**Exercise input**
----------------------------------------

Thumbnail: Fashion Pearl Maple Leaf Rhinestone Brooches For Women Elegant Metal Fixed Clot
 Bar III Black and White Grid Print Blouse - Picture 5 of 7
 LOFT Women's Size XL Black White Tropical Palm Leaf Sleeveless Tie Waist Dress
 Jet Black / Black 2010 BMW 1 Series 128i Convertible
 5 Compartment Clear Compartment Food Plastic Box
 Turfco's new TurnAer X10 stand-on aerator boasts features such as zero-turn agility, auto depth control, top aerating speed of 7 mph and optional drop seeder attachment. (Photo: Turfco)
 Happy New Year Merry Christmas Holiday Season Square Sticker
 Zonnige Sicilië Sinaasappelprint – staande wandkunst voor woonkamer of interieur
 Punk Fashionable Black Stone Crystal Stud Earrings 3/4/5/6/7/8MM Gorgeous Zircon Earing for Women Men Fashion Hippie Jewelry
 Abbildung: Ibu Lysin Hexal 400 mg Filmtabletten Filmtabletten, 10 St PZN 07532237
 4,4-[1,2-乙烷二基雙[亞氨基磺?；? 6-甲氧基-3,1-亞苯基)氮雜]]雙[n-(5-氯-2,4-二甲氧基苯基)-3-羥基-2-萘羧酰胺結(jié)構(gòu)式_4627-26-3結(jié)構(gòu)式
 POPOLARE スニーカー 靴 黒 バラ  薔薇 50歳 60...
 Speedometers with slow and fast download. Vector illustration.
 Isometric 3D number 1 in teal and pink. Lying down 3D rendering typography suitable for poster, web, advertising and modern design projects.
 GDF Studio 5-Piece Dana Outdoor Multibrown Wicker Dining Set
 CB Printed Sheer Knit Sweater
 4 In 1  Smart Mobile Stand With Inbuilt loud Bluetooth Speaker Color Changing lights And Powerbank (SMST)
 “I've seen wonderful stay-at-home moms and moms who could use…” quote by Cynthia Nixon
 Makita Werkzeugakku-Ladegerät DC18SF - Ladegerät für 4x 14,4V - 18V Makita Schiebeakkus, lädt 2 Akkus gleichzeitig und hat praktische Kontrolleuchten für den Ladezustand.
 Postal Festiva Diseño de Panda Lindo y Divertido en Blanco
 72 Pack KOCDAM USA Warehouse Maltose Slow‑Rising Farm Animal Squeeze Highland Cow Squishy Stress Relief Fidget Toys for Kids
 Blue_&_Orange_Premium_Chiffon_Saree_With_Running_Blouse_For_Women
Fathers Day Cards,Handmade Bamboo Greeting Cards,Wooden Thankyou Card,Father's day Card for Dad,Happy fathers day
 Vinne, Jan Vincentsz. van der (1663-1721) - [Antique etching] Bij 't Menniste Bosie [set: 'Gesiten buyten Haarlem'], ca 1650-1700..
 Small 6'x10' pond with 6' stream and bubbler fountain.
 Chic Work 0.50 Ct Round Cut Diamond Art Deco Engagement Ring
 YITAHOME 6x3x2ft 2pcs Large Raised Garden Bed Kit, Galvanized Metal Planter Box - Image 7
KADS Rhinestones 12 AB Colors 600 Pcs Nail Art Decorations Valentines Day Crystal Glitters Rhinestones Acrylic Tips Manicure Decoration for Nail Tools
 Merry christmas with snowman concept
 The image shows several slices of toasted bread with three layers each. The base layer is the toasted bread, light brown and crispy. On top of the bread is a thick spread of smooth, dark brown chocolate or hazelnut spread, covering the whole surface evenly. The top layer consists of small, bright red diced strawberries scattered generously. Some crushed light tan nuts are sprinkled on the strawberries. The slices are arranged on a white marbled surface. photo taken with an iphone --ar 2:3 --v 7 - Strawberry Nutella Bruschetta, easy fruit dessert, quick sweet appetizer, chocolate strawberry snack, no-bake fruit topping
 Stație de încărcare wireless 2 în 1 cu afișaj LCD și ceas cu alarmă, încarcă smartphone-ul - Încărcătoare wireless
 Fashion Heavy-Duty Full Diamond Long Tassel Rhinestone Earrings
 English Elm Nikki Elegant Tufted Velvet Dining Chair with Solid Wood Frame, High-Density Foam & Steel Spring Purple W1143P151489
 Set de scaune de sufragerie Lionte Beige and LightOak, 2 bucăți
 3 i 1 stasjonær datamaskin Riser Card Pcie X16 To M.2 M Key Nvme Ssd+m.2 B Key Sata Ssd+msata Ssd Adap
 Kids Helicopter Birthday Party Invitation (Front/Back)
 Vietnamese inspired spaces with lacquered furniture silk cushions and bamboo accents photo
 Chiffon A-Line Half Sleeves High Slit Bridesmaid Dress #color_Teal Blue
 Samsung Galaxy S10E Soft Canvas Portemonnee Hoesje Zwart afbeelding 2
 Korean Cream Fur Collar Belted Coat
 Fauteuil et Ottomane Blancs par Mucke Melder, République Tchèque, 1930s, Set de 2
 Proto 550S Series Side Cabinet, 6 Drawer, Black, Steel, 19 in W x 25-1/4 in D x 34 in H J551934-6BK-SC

----------------------------------------

In full and without edits, return the listing.

Thumbnail: Fashion Pearl Maple Leaf Rhinestone Brooches For Women Elegant Metal Fixed Clot
 Bar III Black and White Grid Print Blouse - Picture 5 of 7
 LOFT Women's Size XL Black White Tropical Palm Leaf Sleeveless Tie Waist Dress
 Jet Black / Black 2010 BMW 1 Series 128i Convertible
 5 Compartment Clear Compartment Food Plastic Box
 Turfco's new TurnAer X10 stand-on aerator boasts features such as zero-turn agility, auto depth control, top aerating speed of 7 mph and optional drop seeder attachment. (Photo: Turfco)
 Happy New Year Merry Christmas Holiday Season Square Sticker
 Zonnige Sicilië Sinaasappelprint – staande wandkunst voor woonkamer of interieur
 Punk Fashionable Black Stone Crystal Stud Earrings 3/4/5/6/7/8MM Gorgeous Zircon Earing for Women Men Fashion Hippie Jewelry
 Abbildung: Ibu Lysin Hexal 400 mg Filmtabletten Filmtabletten, 10 St PZN 07532237
 4,4-[1,2-乙烷二基雙[亞氨基磺?；? 6-甲氧基-3,1-亞苯基)氮雜]]雙[n-(5-氯-2,4-二甲氧基苯基)-3-羥基-2-萘羧酰胺結(jié)構(gòu)式_4627-26-3結(jié)構(gòu)式
 POPOLARE スニーカー 靴 黒 バラ  薔薇 50歳 60...
 Speedometers with slow and fast download. Vector illustration.
 Isometric 3D number 1 in teal and pink. Lying down 3D rendering typography suitable for poster, web, advertising and modern design projects.
 GDF Studio 5-Piece Dana Outdoor Multibrown Wicker Dining Set
 CB Printed Sheer Knit Sweater
 4 In 1  Smart Mobile Stand With Inbuilt loud Bluetooth Speaker Color Changing lights And Powerbank (SMST)
 “I've seen wonderful stay-at-home moms and moms who could use…” quote by Cynthia Nixon
 Makita Werkzeugakku-Ladegerät DC18SF - Ladegerät für 4x 14,4V - 18V Makita Schiebeakkus, lädt 2 Akkus gleichzeitig und hat praktische Kontrolleuchten für den Ladezustand.
 Postal Festiva Diseño de Panda Lindo y Divertido en Blanco
 72 Pack KOCDAM USA Warehouse Maltose Slow‑Rising Farm Animal Squeeze Highland Cow Squishy Stress Relief Fidget Toys for Kids
 Blue_&_Orange_Premium_Chiffon_Saree_With_Running_Blouse_For_Women
Fathers Day Cards,Handmade Bamboo Greeting Cards,Wooden Thankyou Card,Father's day Card for Dad,Happy fathers day
 Vinne, Jan Vincentsz. van der (1663-1721) - [Antique etching] Bij 't Menniste Bosie [set: 'Gesiten buyten Haarlem'], ca 1650-1700..
 Small 6'x10' pond with 6' stream and bubbler fountain.
 Chic Work 0.50 Ct Round Cut Diamond Art Deco Engagement Ring
 YITAHOME 6x3x2ft 2pcs Large Raised Garden Bed Kit, Galvanized Metal Planter Box - Image 7
KADS Rhinestones 12 AB Colors 600 Pcs Nail Art Decorations Valentines Day Crystal Glitters Rhinestones Acrylic Tips Manicure Decoration for Nail Tools
 Merry christmas with snowman concept
 The image shows several slices of toasted bread with three layers each. The base layer is the toasted bread, light brown and crispy. On top of the bread is a thick spread of smooth, dark brown chocolate or hazelnut spread, covering the whole surface evenly. The top layer consists of small, bright red diced strawberries scattered generously. Some crushed light tan nuts are sprinkled on the strawberries. The slices are arranged on a white marbled surface. photo taken with an iphone --ar 2:3 --v 7 - Strawberry Nutella Bruschetta, easy fruit dessert, quick sweet appetizer, chocolate strawberry snack, no-bake fruit topping
 Stație de încărcare wireless 2 în 1 cu afișaj LCD și ceas cu alarmă, încarcă smartphone-ul - Încărcătoare wireless
 Fashion Heavy-Duty Full Diamond Long Tassel Rhinestone Earrings
 English Elm Nikki Elegant Tufted Velvet Dining Chair with Solid Wood Frame, High-Density Foam & Steel Spring Purple W1143P151489
 Set de scaune de sufragerie Lionte Beige and LightOak, 2 bucăți
 3 i 1 stasjonær datamaskin Riser Card Pcie X16 To M.2 M Key Nvme Ssd+m.2 B Key Sata Ssd+msata Ssd Adap
 Kids Helicopter Birthday Party Invitation (Front/Back)
 Vietnamese inspired spaces with lacquered furniture silk cushions and bamboo accents photo
 Chiffon A-Line Half Sleeves High Slit Bridesmaid Dress #color_Teal Blue
 Samsung Galaxy S10E Soft Canvas Portemonnee Hoesje Zwart afbeelding 2
 Korean Cream Fur Collar Belted Coat
 Fauteuil et Ottomane Blancs par Mucke Melder, République Tchèque, 1930s, Set de 2
 Proto 550S Series Side Cabinet, 6 Drawer, Black, Steel, 19 in W x 25-1/4 in D x 34 in H J551934-6BK-SC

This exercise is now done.